Circumvent Broken llama.cpp Pre-Tokenizer #892

lapp0 · 2024-05-15T21:32:32Z

Fixes #820

Problem:

llama.cpp's pre-tokenizer doesn't handle unicode properly (draft PR: ggerganov/llama.cpp#5613). This results in tokens which are incompatible with Outlines byte-wise FSM and causes #820's error.

Solution:

1. If models.llamacpp() specifies a LlamaHFTokenizer, populate the vocabulary used in index construction with tokenizer.get_vocab(). This takes advantage of huggingface's working pre-tokenizer.
1. Warn users that they should pass a LlamaHFTokenizer:

>>> from outlines import models, generate
>>> model = models.llamacpp("Qwen/Qwen1.5-0.5B-Chat-GGUF", "*q8*.gguf")
/opt/conda/lib/python3.10/site-packages/outlines/models/llamacpp.py:294: UserWarning: llama.cpp pre-tokenizer is broken.
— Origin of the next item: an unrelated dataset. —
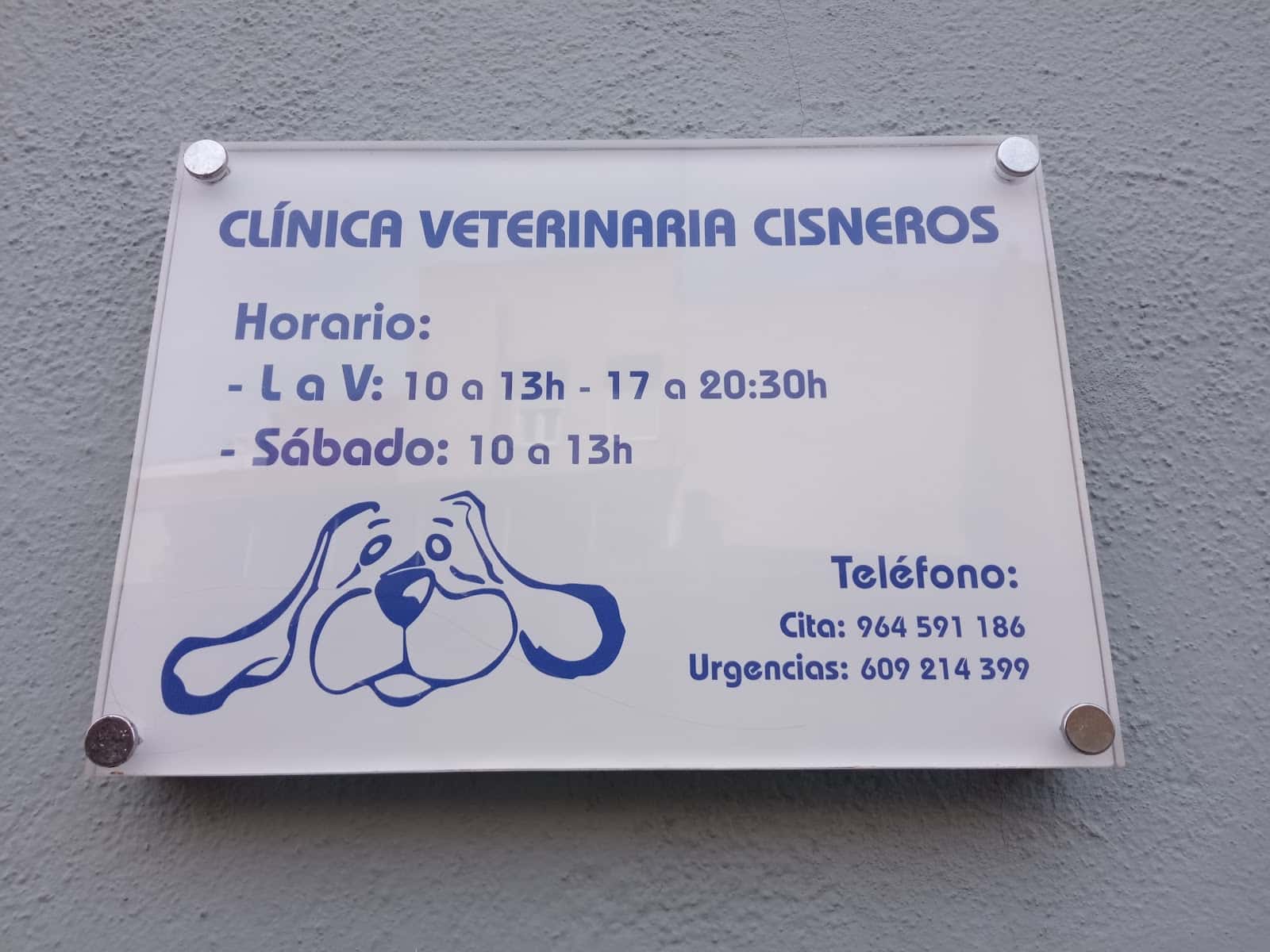 Clínica Veterinària Cisneros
You may recieve an Outlines error during Regex index construction.
To avoid this error when using `models.llamacpp` you may pass `tokenizer=llama_cpp.llama_tokenizer.LlamaHFTokenizer.from_pretrained(<hf_repo_id>)` to `models.llamacpp()`
  warnings.warn(

Debug Notes / Observations:

The problematic token in Qwen1.5 is 29333 (b' \xef\xbf\xbd')
The issue can be reproduced with models.llamacpp, but not models.transformers
AutoTokenizer's get_vocab() is inconsistent with its encode / decode output.
- get_vocab()[ b'\xc4\xa0\xc3\xaf\xc2\xbf\xc2\xbd'.decode()] = 29333
- get_vocab()[ b' \xef\xbf\xbd'.decode()] -> KeyError
- encode( b'\xc4\xa0\xc3\xaf\xc2\xbf\xc2\xbd'.decode()) = [144242, 37572, 30182, 26062]
- encode(b' \xef\xbf\xbd'.decode()) = [29333]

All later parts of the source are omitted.